Desde La Habana

Ratas de prisión

La primera vez que Valentín pisó una cárcel tenía 15 años. Por las callejuelas de la Habana Vieja, junto a tropa de malandros se dedicaba a robar el bolso o una cámara de video de algún turista desprevenido.

“Entré en un reformatorio de menores en 1996. Desde entonces, la prisión ha sido mi hogar. En los últimos catorce años, he estado doce tras los barrotes de una celda”, me cuenta Valentín en uno de sus breves oasis de libertad.

Cuando entró al ‘talego’ (prisión) por vez primera, era un joven negro, delgado y mucho pelo. En  2010, tengo frente a mí a un tipo calvo a quien le faltan numerosos dientes, con dos cortes de arma blanca en el cuello, y con rostro y una fortaleza física que mete miedo.

“En la cárcel he tenido más de un problema. El trato a los delincuentes comunes por parte de los guardias de la prisión es violento y humillante. Somos no personas. Las cárceles cubanas son una selva. Sobreviven los más duros”, señala mientras bebe cerveza infame en un bar improvisado.

Cuando Valentín está en libertad, vuelve a sus andanzas. Es un antisocial de primera clase. Su manera de buscarse la vida es robando o estafando a incautos. No sabe hacer otra cosa.

“No me veo viviendo de un salario miserable. Me gusta la marihuana y el ron. Las mujeres blancas y vestir bien. Mi manera de obtenerlo es robando. No hay otra forma para mí”, cuenta descarnadamente.

El 88% de los presos comunes en Cuba son negros o mestizos. Los negros y mestizos en la isla constituyen el 50 % de la población. Por lo general, son los que peor viven. Sus familias son verdaderos infiernos. Los delitos violentos y hechos de sangre suelen ser cometidos por negros.

Negro también son los hermanos Martell. Unos chicos que hablan una jerga cortada y rápida. Desde los 13 años su vida transcurre de un penal a otro.

Hace seis meses están en la calle. Y ya están próximos a visitar de nuevo la prisión. “Estamos a la espera de un juicio, donde la petición del Fiscal es de 12 años”, cuentan de manera casi jocosa. Y agregan: “Nuestros socios de la ‘cana’ (cárcel) ya nos están guardando una litera”. Estar presos para los hermanos Martell es un estado natural.
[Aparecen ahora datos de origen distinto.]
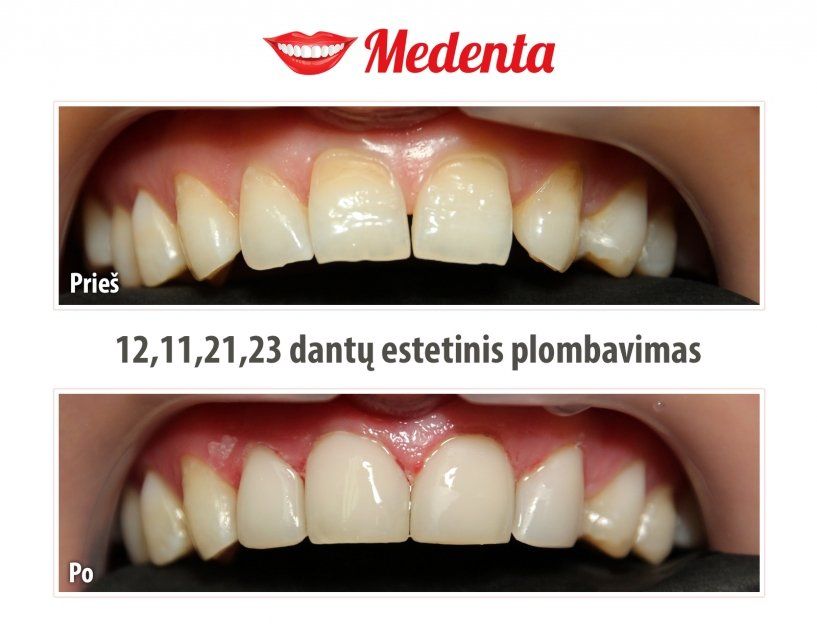 plombavimas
Y lo peor es que en La Habana abundan jóvenes negros y marginales que se creen tipos duros. Son ratas de prisión. Roberto Dueñas, 22 años, lleva siete en la cárcel. Cumple una condena de 43 años. Entró por un delito menor y una sanción de 3 años.

Pero allá dentro, ha matado a un par de reos, ahorcándolos con sus propias manos. Y una tarde de 2009, junto a un grupo de presos se amotinó en un penal en las afueras de la provincia Camagüey, a 600 kilómetros de la capital.

Si algún día Dueñas sale de la prisión, lo haría con 58 años. Sin mujer ni familia. En una carta que le envió a un amigo, repleta de faltas de ortografía y con una letra de rasgos infantiles, confiesa que no se arrepiente.

“Aquí en el ‘tanque’ (cárcel) lo que vale es la fuerza, para que te respeten y obtener una serie de beneficios que te hacen la vida más llevadera. Si mi vida es morir dentro de una prisión que así sea. Nunca permitiré que otro hombre me pase por encima. Mejor que yo, sólo Dios”, escribió Dueñas a su amigo.

El gobierno de los hermanos Castro nunca ha ofrecido cifras de la cantidad de presos comunes que existen en la isla. Ni de la cantidad de cárceles. Se sabe que el entorno en el que crecieron estos jóvenes es caldo de cultivo para la delincuencia.

Y lo peor no es el silencio. Si no que el Estado cubano no tiene solución a la problemática de una sociedad cada vez más precaria y violenta.